■ **What you need to do**: Copy each line, word for word, from the one with "Sanremo: malviventi forzano" through the final line of the listing, but skip the pictures.

■ **Dataset extract**:
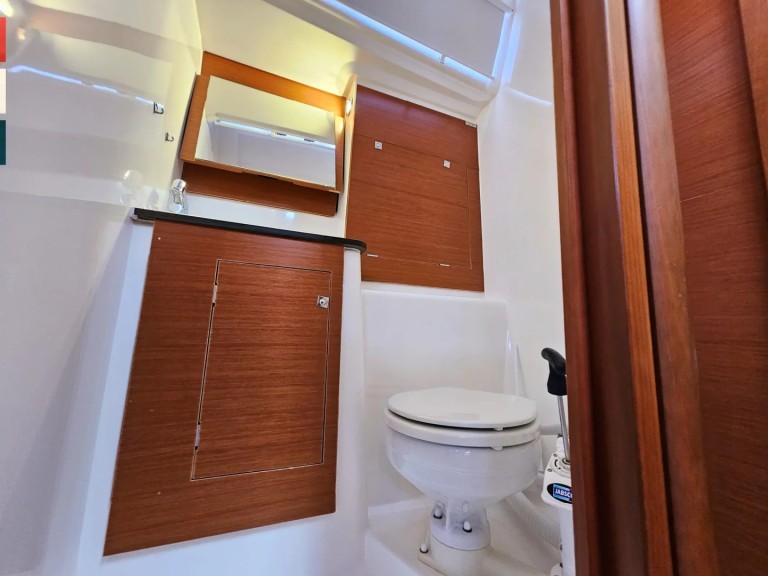 Sailboat for rent Vlycho at the best price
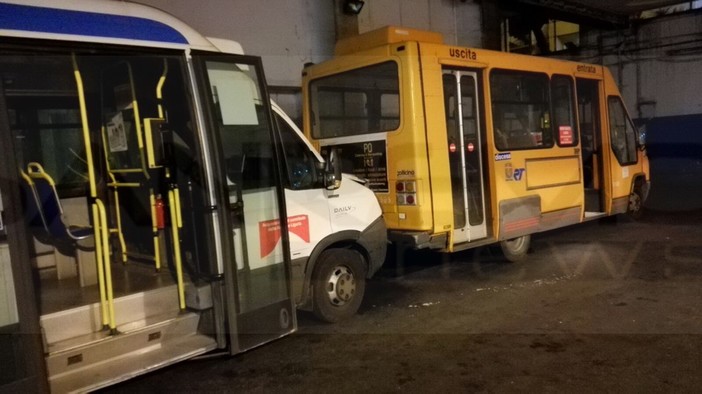 Sanremo: malviventi forzano i cancelli della stazione bus di piazza Colombo e provocano danni ai mezzi (Foto)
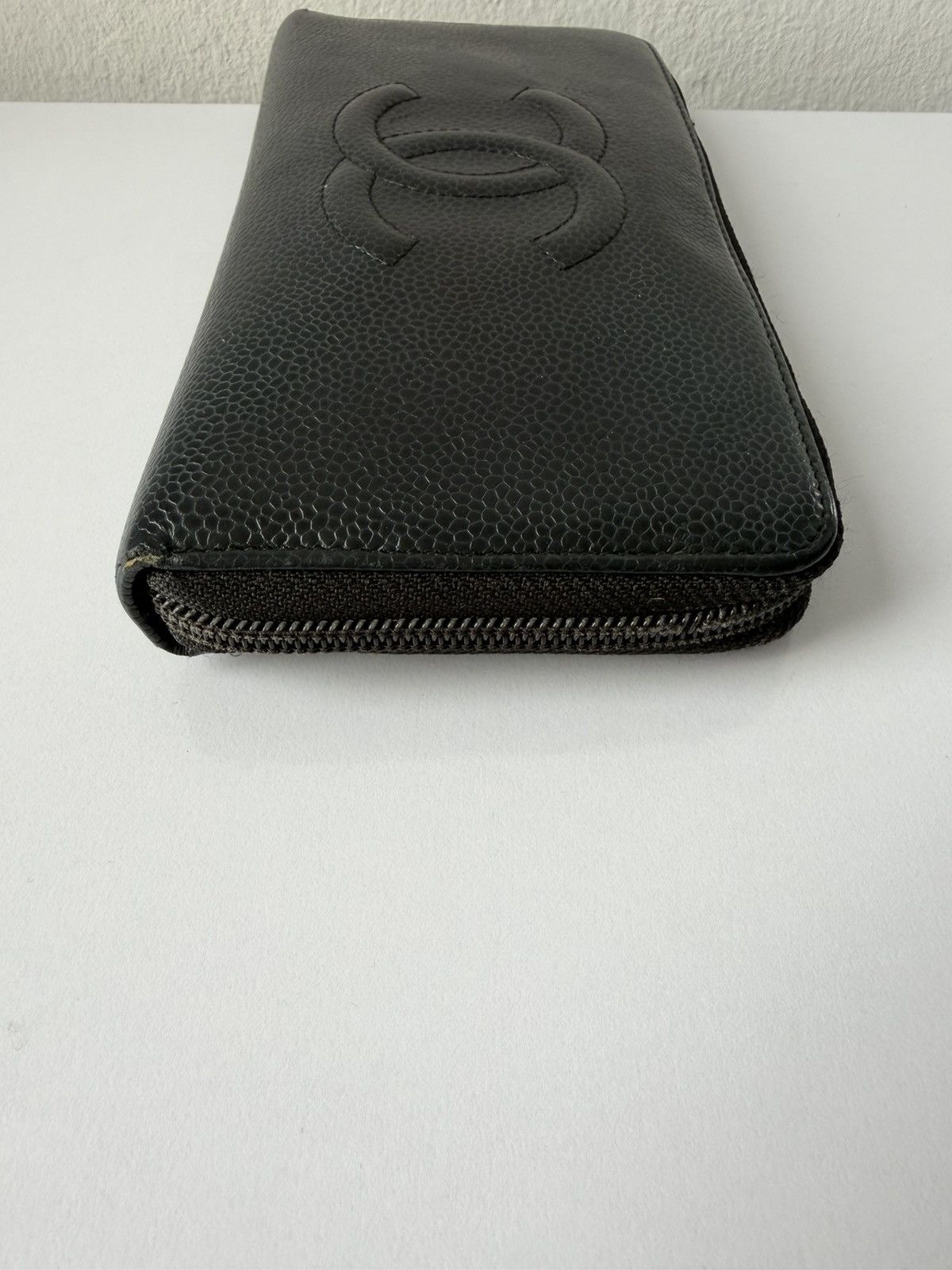 2011-2012 Chanel caviar leather CC logo zip wallet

■ **Answer to the exercise**:
 Sanremo: malviventi forzano i cancelli della stazione bus di piazza Colombo e provocano danni ai mezzi (Foto)
 2011-2012 Chanel caviar leather CC logo zip wallet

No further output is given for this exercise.